Pakistani politicians have either remained silent or expressed support of the ban. On Wednesday, Talha Mehmood, chairman of the Senate standing committee on interior affairs, urged the government to redefine its relations with the West against the backdrop of an increase in incidents hurting religious sentiments of the Muslims.

But the blanket bans have also provoked the ire of many Internet users within Pakistan’s growing middle classes, who rely on Facebook for communicating with friends and organizing events. Many argue that the decision to ban the websites en masse was injudicious.

"Why on earth should Islam be given any immunity to criticism, hiding like ostriches and constantly getting offended is what has made us so backward," wrote one Nabiha Meher Shaikh.

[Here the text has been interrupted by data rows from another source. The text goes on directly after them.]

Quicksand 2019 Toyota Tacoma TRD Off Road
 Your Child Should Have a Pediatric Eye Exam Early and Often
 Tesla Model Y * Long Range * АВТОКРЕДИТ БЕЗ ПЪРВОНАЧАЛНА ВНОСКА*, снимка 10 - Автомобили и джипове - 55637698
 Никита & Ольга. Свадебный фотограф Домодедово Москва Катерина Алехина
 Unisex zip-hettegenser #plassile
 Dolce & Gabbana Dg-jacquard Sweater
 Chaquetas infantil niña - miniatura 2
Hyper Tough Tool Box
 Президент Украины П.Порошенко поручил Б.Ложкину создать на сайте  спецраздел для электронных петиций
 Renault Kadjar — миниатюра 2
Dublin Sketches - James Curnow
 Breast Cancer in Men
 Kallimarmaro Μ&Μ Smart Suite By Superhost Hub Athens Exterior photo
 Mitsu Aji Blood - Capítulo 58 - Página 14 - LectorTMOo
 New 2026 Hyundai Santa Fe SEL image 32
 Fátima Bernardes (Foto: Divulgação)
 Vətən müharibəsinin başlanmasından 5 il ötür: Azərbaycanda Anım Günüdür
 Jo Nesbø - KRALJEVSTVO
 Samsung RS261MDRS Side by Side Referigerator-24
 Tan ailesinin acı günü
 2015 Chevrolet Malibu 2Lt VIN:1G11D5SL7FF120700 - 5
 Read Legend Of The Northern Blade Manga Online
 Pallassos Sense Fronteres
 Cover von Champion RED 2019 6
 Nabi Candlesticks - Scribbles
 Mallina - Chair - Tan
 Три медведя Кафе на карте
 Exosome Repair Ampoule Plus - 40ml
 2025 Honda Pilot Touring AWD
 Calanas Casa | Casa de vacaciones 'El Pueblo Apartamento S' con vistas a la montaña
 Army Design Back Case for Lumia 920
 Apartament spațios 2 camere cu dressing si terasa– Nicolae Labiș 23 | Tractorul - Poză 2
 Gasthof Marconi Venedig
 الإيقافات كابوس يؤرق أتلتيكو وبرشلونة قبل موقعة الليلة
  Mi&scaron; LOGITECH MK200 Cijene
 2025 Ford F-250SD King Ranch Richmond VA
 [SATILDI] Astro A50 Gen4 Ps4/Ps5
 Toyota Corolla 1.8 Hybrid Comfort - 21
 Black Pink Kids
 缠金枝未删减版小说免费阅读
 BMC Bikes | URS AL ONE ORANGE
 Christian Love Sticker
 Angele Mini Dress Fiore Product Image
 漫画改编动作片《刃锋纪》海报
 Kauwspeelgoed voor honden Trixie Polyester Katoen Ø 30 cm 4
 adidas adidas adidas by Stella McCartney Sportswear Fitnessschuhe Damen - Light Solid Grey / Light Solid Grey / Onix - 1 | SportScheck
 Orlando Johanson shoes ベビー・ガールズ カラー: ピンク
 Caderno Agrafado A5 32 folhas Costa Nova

Badar Alam, a senior editor in Pakistan’s Herald magazine, argues that the ban reflects the increasing role of religion in the judiciary.

“Since the 1980s there have been few if any at all progressive, liberal people who could make it to the bench,” he says. “The courts in Pakistan over the last three decades have in their judgments started citing religious injunction as much as, if not more, the laws and the constitution.”

The judiciary is also keenly aware of the popular impact of its decisions and has become a highly politicized institution, he argues. “It is a natural consequence of the movement for the restoration of the judiciary that the judges keep public's sentiments as much in mind as they do law. More often than not they have made 'popular' decisions,” he says, referring to a popular movement in recent years to reinstate dozens of deposed judges.

Facebook has reacted with “disappointment,” according to a statement made to Agence France Presse late Wednesday. “We are analyzing the situation and the legal considerations, and will take appropriate action, which may include making this content inaccessible to users in Pakistan.”